**TASK TO COMPLETE**
Take the line containing "9 nights / 10 days, Barcelona Round trip" and each line after it through the end of the data below, and return them exactly, minus any pictures.

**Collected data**
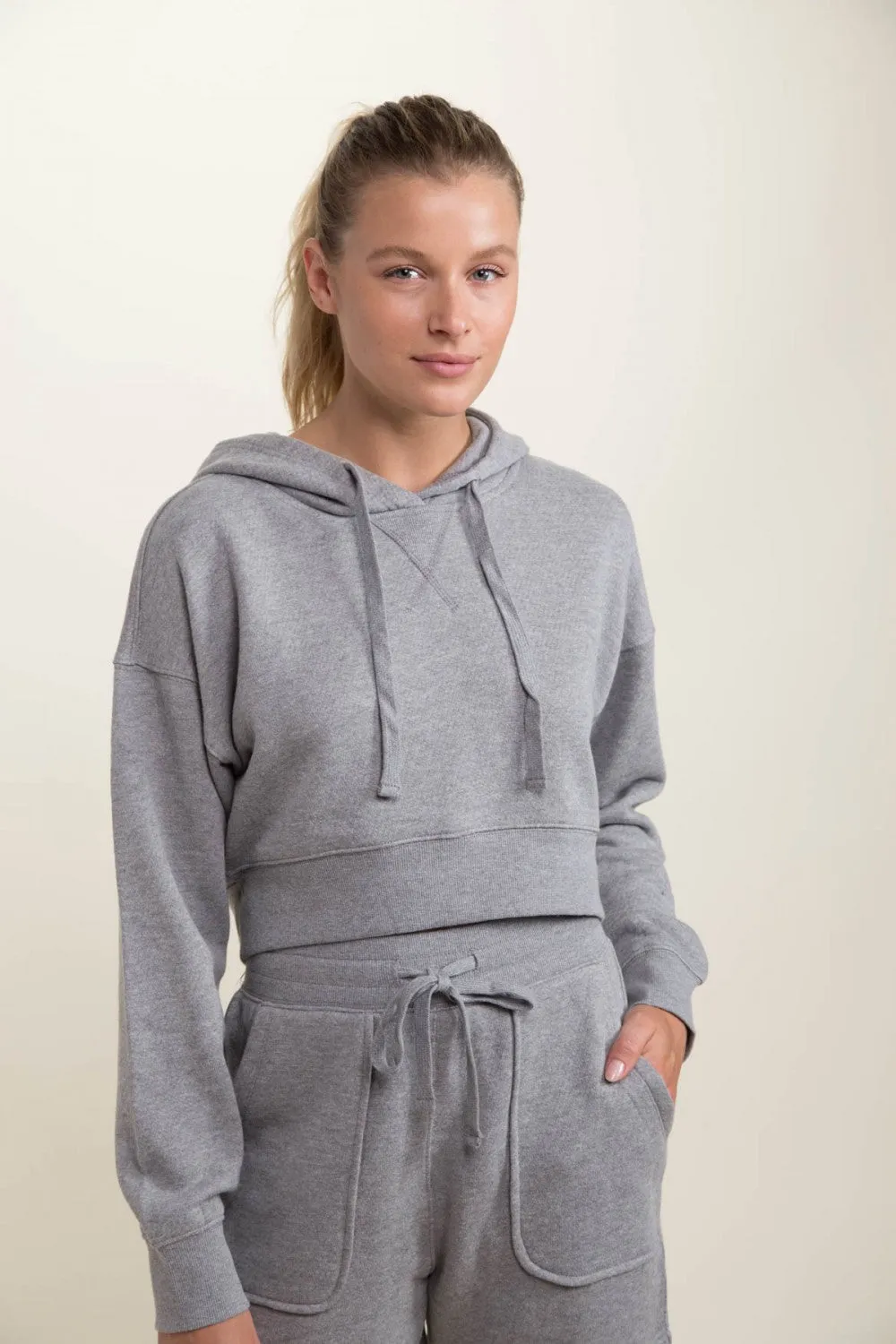 Mono B Lounge-to-Street Cropped Hoodie - Grey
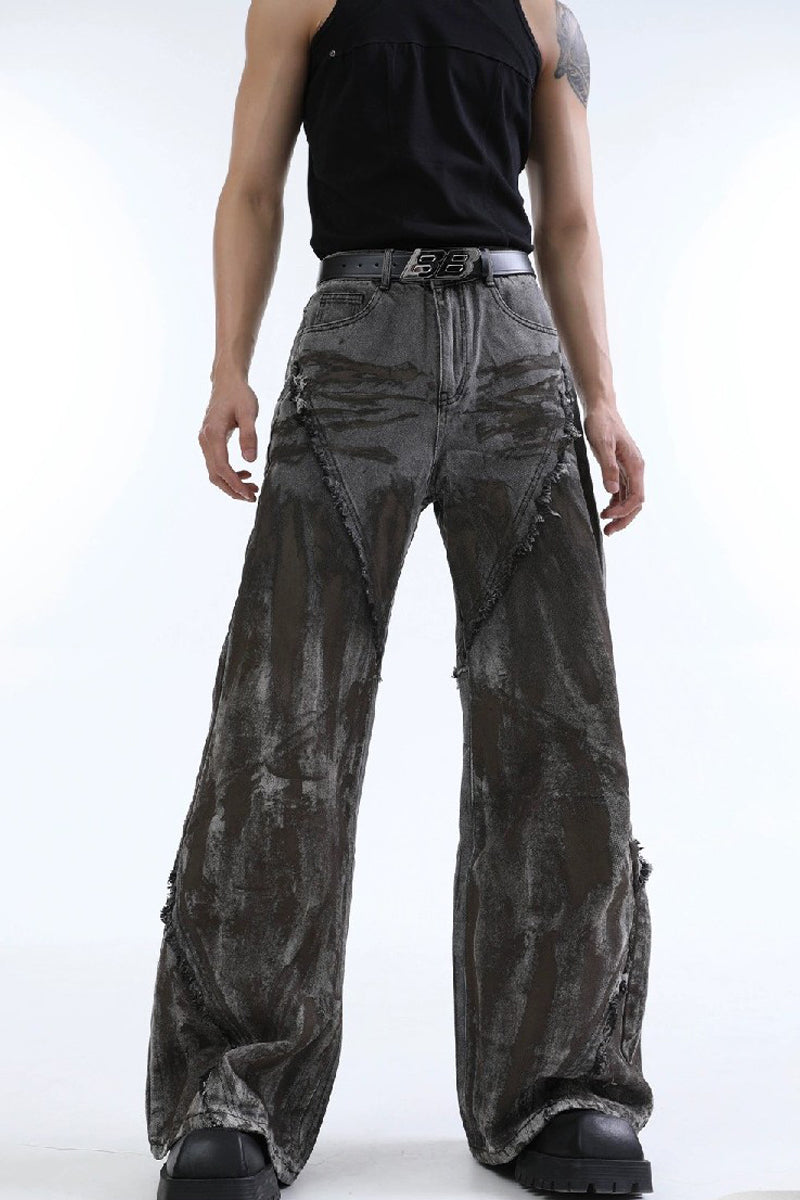 Distressed Fringe Pants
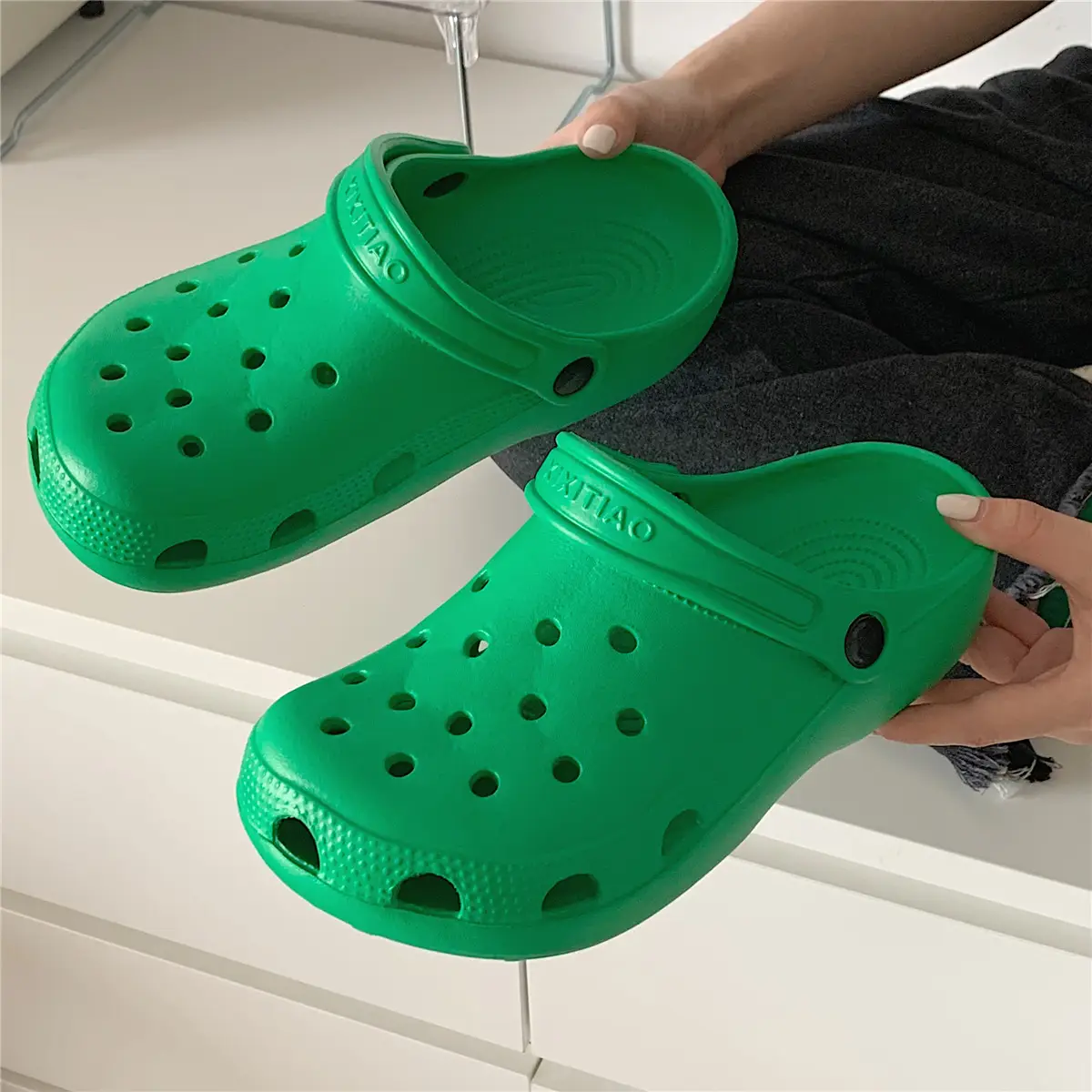 Cute White Hole Crocs for Men Women Beach Slippers - Image 12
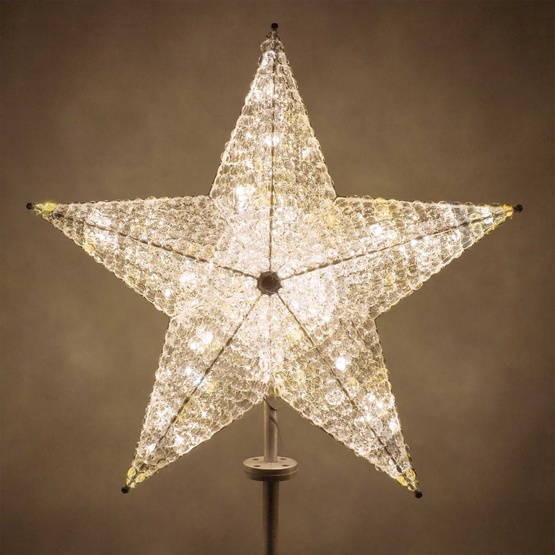 36" Shimmering Warm White LED Crystal 5 Point Star Tree Topper
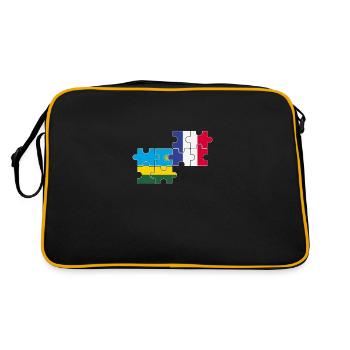 Rwanda, France, drapeau, Français, Rwandais - Sac Retro - noir/or - Dos
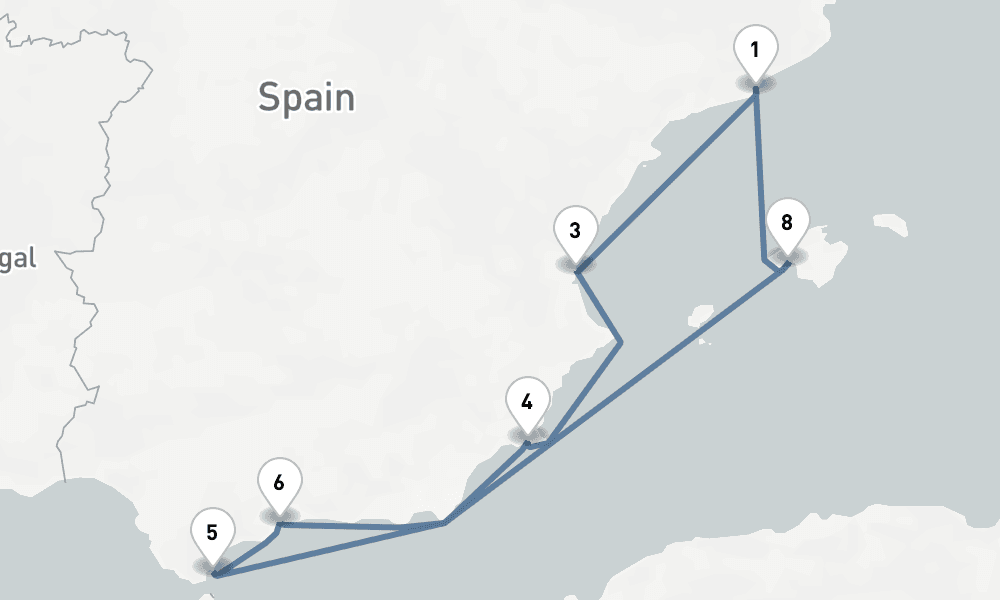 9 nights / 10 days, Barcelona Round trip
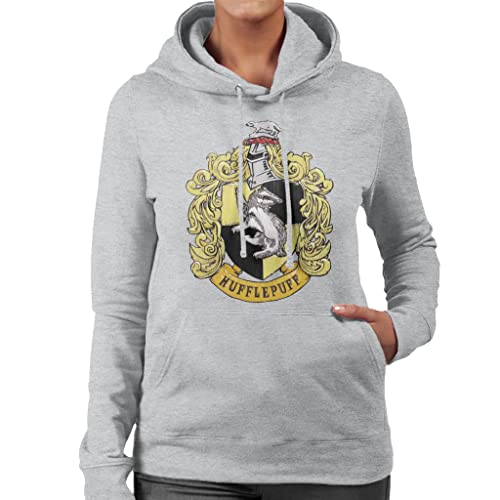 All+Every Harry Potter Hufflepuff House Crest Women's Hooded Sweatshirt Heather Grey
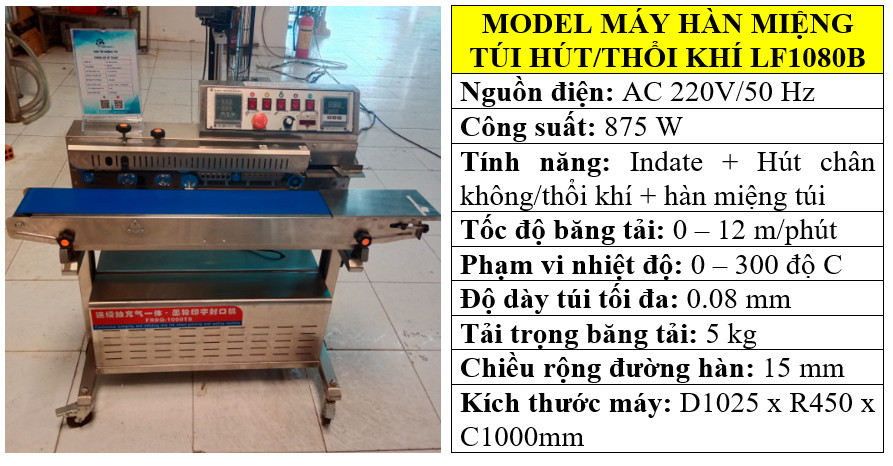 Thông số kỹ thuật máy hàn miệng túi có thổi khí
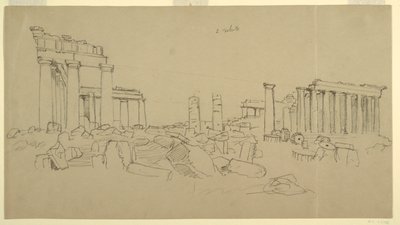 Vue du Parthénon et des Fragments de Ruines Environnantes depuis l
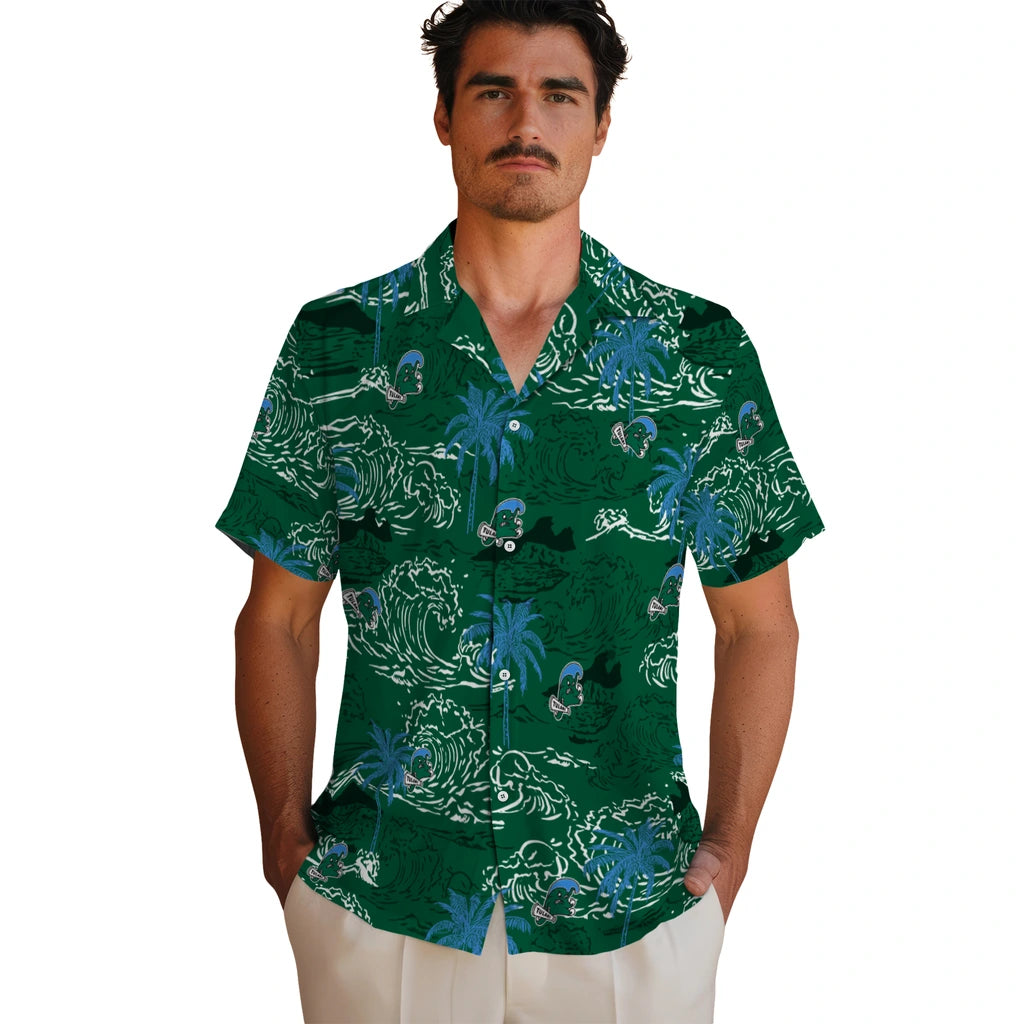 Tulane Green Wave Hawaiian Shirt - Wave Palm | Hula Hawaiian Shirts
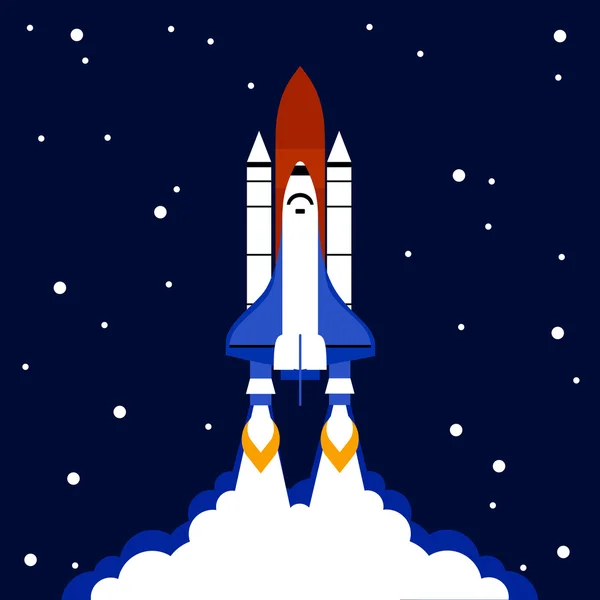 Launch concept space rocket background — Stock Vector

**ANSWER SPACE**
 9 nights / 10 days, Barcelona Round trip
 All+Every Harry Potter Hufflepuff House Crest Women's Hooded Sweatshirt Heather Grey
 Thông số kỹ thuật máy hàn miệng túi có thổi khí
 Vue du Parthénon et des Fragments de Ruines Environnantes depuis l
 Tulane Green Wave Hawaiian Shirt - Wave Palm | Hula Hawaiian Shirts
 Launch concept space rocket background — Stock Vector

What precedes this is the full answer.